City of Seattle - City Light Department (Seattle City Light) keeps guitars humming and coffee grinders running in the Seattle metropolitan area. The US's 10th largest municipally owned power company, Seattle City Light transmits and distributes electricity to almost 1 million residential, commercial, industrial, and government customers and owns hydroelectric power plants with more than 1,800 MW of generation capacity. The utility also purchases power from the Bonneville Power Administration and other generators, and it sells power to wholesale customers.
The Seattle City Light service area includes all of the City of Seattle, portions of the cities of Burien, Tukwila, SeaTac, Shoreline, Lake Forest Park and Renton, as well as parts of unincorporated King County.
The company owns and operates generating, transmission, and distribution facilities and supplies electricity to 408,000 customer meters in Seattle and certain surrounding communities. It also supplies electrical energy to other City agencies at rates prescribed by City ordinances.
Seattle City Light reported a revenue increase of 5% (to $842.2) in 2013 primarily due to increased retail power revenues stemming from a 4% rate increase and a 1.2% Bonneville Power Administration pass-through rate adjustment.
It net income increased that year due to higher retail power sales, rate stabilization account unearned revenue transferred-in, power related revenues, and capital contributions. These were partially offset by higher expenses for generation, customer service, administrative and general, taxes, depreciation, interest, and lower investment earnings.
In 2013, Seattle City Light’s operating cash inflow decreased to $229.7 (from $243.5 million in 2012) was due to higher tax paid and increased cash paid to a supplier.
The company's long term objective is to continue to secure reliable, low-cost, and environmentally-sensitive power for its customers. To lower costs the utility is pushing its customers to conserve by taking green energy options such as installing more energy-efficient appliances and by buying renewable energy credits (allowing customers to pay for slightly higher costs of integrating renewable energy into the region's power grid).
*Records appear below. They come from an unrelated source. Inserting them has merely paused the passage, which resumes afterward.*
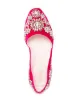 Giambattista Valli crystal-embellished ballerina shoes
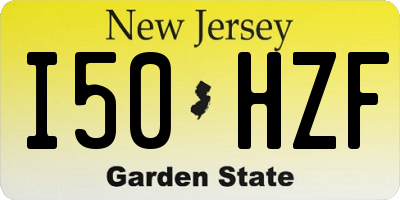 NJ license plate I50HZF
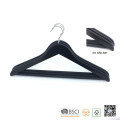 Vêtements en bois noir Non Slip Bar Top Coat Hanger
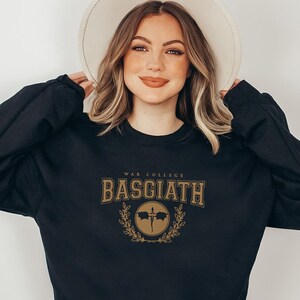 EMBROIDERED Basgiath War College Shirt, Fourth Wing Shirt, Dragon Rider Shirt, Rebecca Yoros, Fourth Wing, Violet Sorrengail, Bookish Shirt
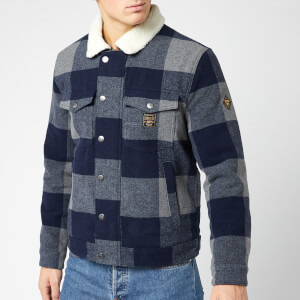 Superdry Men's Hacienda Check Jacket - Navy Check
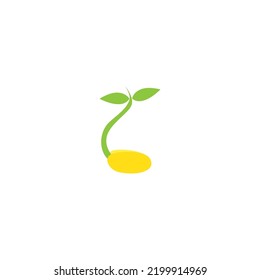 Bean sprout illustration free template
Seattle City Light's six-year strategic plan, adopted in 2012, calls for an annual rate increase of 4.7% to pay for expanding Seattle City Light's infrastructure and services, including building its first electric substation for 30 years.
In 2013 the company added two new service request types to the “Find It, Fix It” smartphone app, enabling Smartphone to report illegal dumping and streetlight outages, in addition to its existing features for reporting abandoned vehicles, graffiti, potholes and parking enforcement issues.
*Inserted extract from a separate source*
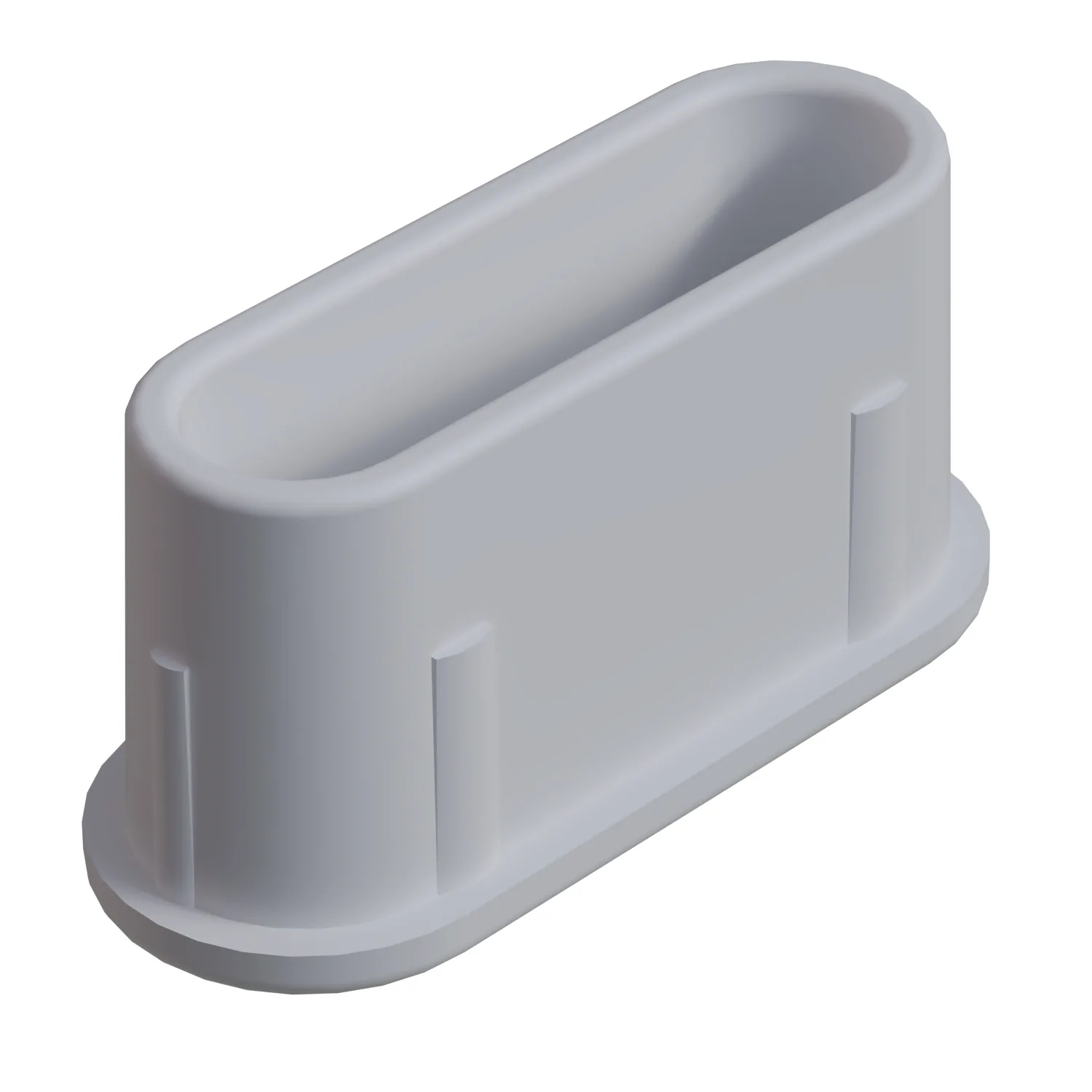 16x40 Mm Elips Profil Tapası Beyaz-1.jpg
That year Seattle City Light and the Seattle Aquarium announced the start of construction for the largest solar array at any aquarium on the West Coast as part of the utility's Community Solar and Green Up programs. The $330,000 system will cover a large portion of the south side of the Seattle Aquarium's roof. Most of its 247 solar panels will produce electricity on behalf of City Light customers who want to buy solar power through the utility's Community Solar program. The rest of the panels are being installed as a demonstration project through the utility's voluntary Green Up renewable energy program with the electricity produced helping to power the Aquarium's operations.
Evolving from several neighborhood electric companies that began serving Seattle in 1886, Seattle City Light was created in 1910 to power the city's streetlights. In 2005 the electric utility became the first in the US to become greenhouse gas neutral in its power generation.